## Import used packages

In [None]:
import pandas as pd
import sys
from datetime import date, datetime
import matplotlib.pyplot as plt
import seaborn as sns
import numpy as np
from scipy import spatial
from math import sin, cos, sqrt, atan2, radians
import folium
from tqdm import tqdm
sys.path.insert(0,"..")

## Import data

In [None]:
bremen_trips = pd.read_csv("../data/processed/trips_weather.csv", index_col=0)
bremen_trips = bremen_trips.sort_values(by=['start_time'], ascending=True)
bremen_trips["start_time"] = pd.to_datetime(bremen_trips["start_time"])

In [None]:
bremen_trips.head(2)

## Functions that calculates distance moved towards the university of Bremen and main station

In [None]:
# Function that calculates if start or end location is closer to University of Bremen. 
# Returns the difference of the distances of the start and end location in kilometers.
# If value positive, end locations is closer to university. That means moved towards university.
def distanceToUni(sLng,sLat,eLng,eLat):
    # approximate radius of earth in km
    R = 6373.0
    
    sLng = radians(sLng)
    sLat = radians(sLat)
    eLng = radians(eLng)
    eLat = radians(eLat)
    uLat = radians(53.1069302) # University of Bremen Latitude
    uLng = radians(8.8499603)  # University of Bremen Longitude

    sdlon = uLng - sLng
    sdlat = uLat - sLat

    edlon = uLng - eLng
    edlat = uLat - eLat

    sA = sin(sdlat / 2)**2 + cos(sLat) * cos(uLat) * sin(sdlon / 2)**2
    eA = sin(edlat / 2)**2 + cos(eLat) * cos(uLat) * sin(edlon / 2)**2
    
    sC = 2 * atan2(sqrt(sA), sqrt(1 - sA))
    eC = 2 * atan2(sqrt(eA), sqrt(1 - eA))

    sDist = R * sC
    eDist = R * eC

    distance = sDist - eDist
    
    return distance

def distanceToMainStation(sLng,sLat,eLng,eLat):
    # approximate radius of earth in km
    R = 6373.0
    
    sLng = radians(sLng)
    sLat = radians(sLat)
    eLng = radians(eLng)
    eLat = radians(eLat)
    msLat = radians(53.083122) # # Main station Latitude
    msLng = radians(8.813717) # # Main station Latitude

    sdlon = msLng - sLng
    sdlat = msLat - sLat

    edlon = msLng - eLng
    edlat = msLat - eLat

    sA = sin(sdlat / 2)**2 + cos(sLat) * cos(msLat) * sin(sdlon / 2)**2
    eA = sin(edlat / 2)**2 + cos(eLat) * cos(msLat) * sin(edlon / 2)**2
    
    sC = 2 * atan2(sqrt(sA), sqrt(1 - sA))
    eC = 2 * atan2(sqrt(eA), sqrt(1 - eA))

    sDist = R * sC
    eDist = R * eC

    distance = sDist - eDist
    
    return distance

## Example of trip moving away from the university

- Red marker = University of Bremen
- Blue marker = Start location
- Green marker = End location

In [None]:
m = folium.Map(location=[53.1069302,8.8499603], zoom_start=13)
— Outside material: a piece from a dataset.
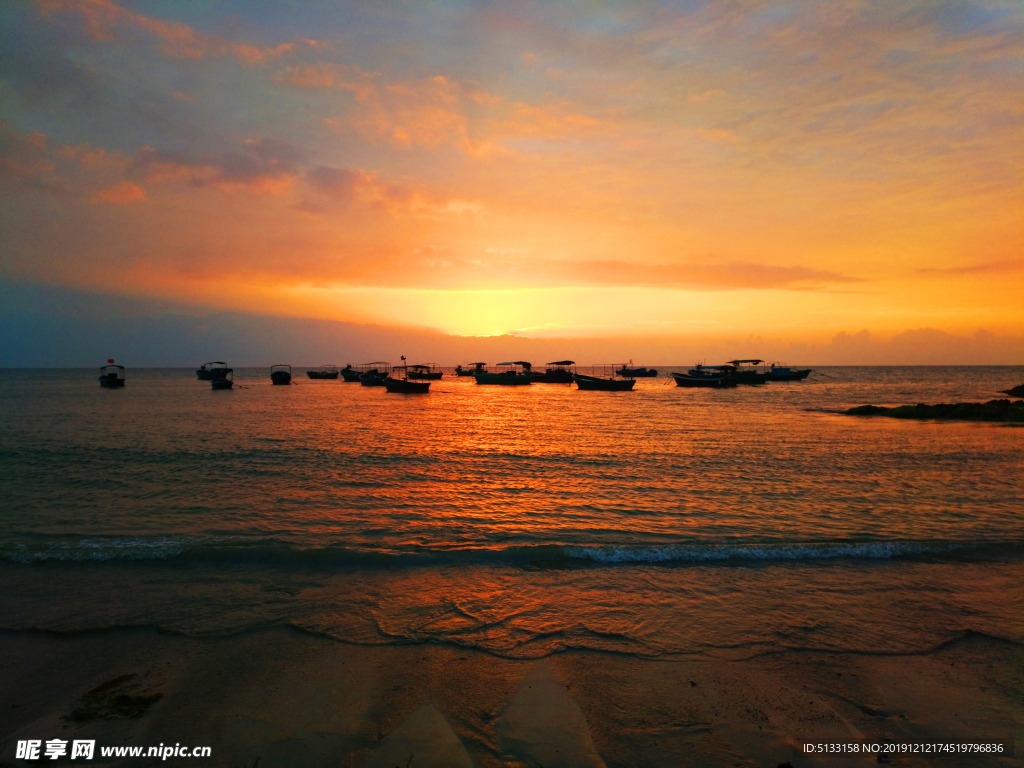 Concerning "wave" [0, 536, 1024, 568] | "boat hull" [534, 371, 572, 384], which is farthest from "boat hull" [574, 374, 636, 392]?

folium.Marker([53.1069302,8.8499603], popup='<i>Uni</i>',icon=folium.Icon(color='red')).add_to(m)
folium.Marker([53.083122,8.813717], popup='<i>Main Station</i>',icon=folium.Icon(color='red')).add_to(m)

row = 35
folium.Marker([bremen_trips.iloc[row,5],bremen_trips.iloc[row,4]], popup='<i>Start</i>').add_to(m)
folium.Marker([bremen_trips.iloc[row,7],bremen_trips.iloc[row,6]], popup='<i>End</i>',icon=folium.Icon(color='green')).add_to(m)
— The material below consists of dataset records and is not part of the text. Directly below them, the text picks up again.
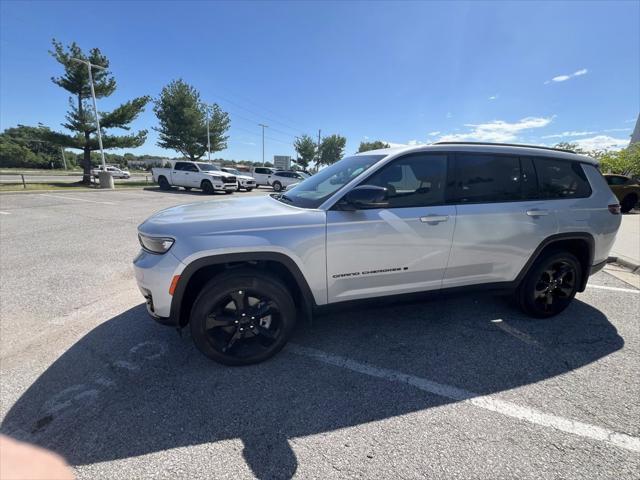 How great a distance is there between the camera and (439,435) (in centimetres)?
190

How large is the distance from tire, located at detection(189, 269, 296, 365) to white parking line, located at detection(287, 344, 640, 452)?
0.35m

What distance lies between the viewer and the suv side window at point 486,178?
2801 mm

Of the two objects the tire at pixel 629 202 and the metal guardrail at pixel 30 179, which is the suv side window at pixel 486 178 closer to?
the tire at pixel 629 202

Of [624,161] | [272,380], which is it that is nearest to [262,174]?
[624,161]

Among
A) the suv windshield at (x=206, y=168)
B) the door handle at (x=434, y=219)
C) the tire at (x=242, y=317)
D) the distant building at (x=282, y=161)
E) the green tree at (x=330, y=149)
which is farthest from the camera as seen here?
the green tree at (x=330, y=149)

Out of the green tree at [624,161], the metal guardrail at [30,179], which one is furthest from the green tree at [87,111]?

print('Moved km in direction to uni: ', distanceToUni(bremen_trips.iloc[row,4],bremen_trips.iloc[row,5],bremen_trips.iloc[row,6],bremen_trips.iloc[row,7]))
print('Moved km in direction to main station: ', distanceToMainStation(bremen_trips.iloc[row,4],bremen_trips.iloc[row,5],bremen_trips.iloc[row,6],bremen_trips.iloc[row,7]))

m

## Add to_uni, to_main_station and direction attribute to trips data

In [None]:
to_uni = []
to_main_station = []
to_uni_bool = []
to_main_station_bool = []
month = []
week_day = []
is_weekend = []
hour = []


for index, row in tqdm(bremen_trips.iterrows()):
    
    dist_to_uni = distanceToUni(row['start_lng'],row['start_lat'],row['end_lng'],row['end_lat'])
    dist_to_main_station = distanceToMainStation(row['start_lng'],row['start_lat'],row['end_lng'],row['end_lat'])
    
    day = row['start_time'].weekday()
    
    # Save datetime information
    month.append(row['start_time'].month)
    week_day.append(day)
    hour.append(row['start_time'].hour)
    
    if (day == 5) | (day == 6):
        is_weekend.append(1)
    else:
        is_weekend.append(0)
    
    # Save distances to corresponding list
    to_uni.append(dist_to_uni)
    to_main_station.append(dist_to_main_station)
    
    if dist_to_uni < 0:
        to_uni_bool.append(0)
    else:
        to_uni_bool.append(1)
        
    if dist_to_main_station < 0:
        to_main_station_bool.append(0)
    else:
        to_main_station_bool.append(1)
        

bremen_trips['to_uni'] = to_uni
bremen_trips['to_main_station'] = to_main_station
bremen_trips['to_uni_bool'] = to_uni_bool
bremen_trips['to_main_station_bool'] = to_main_station_bool
bremen_trips['month'] = month
bremen_trips['week_day'] = week_day
bremen_trips['is_weekend'] = is_weekend
bremen_trips['hour'] = hour

In [None]:
bremen_trips.sample(3)

## Check on correlations to_uni

In [None]:
bremen_trips.drop(columns={'end_lng','end_lat','end_place','to_uni','to_uni_bool','to_main_station_bool','to_main_station','duration_sec','identification'}).corrwith(bremen_trips['to_uni'])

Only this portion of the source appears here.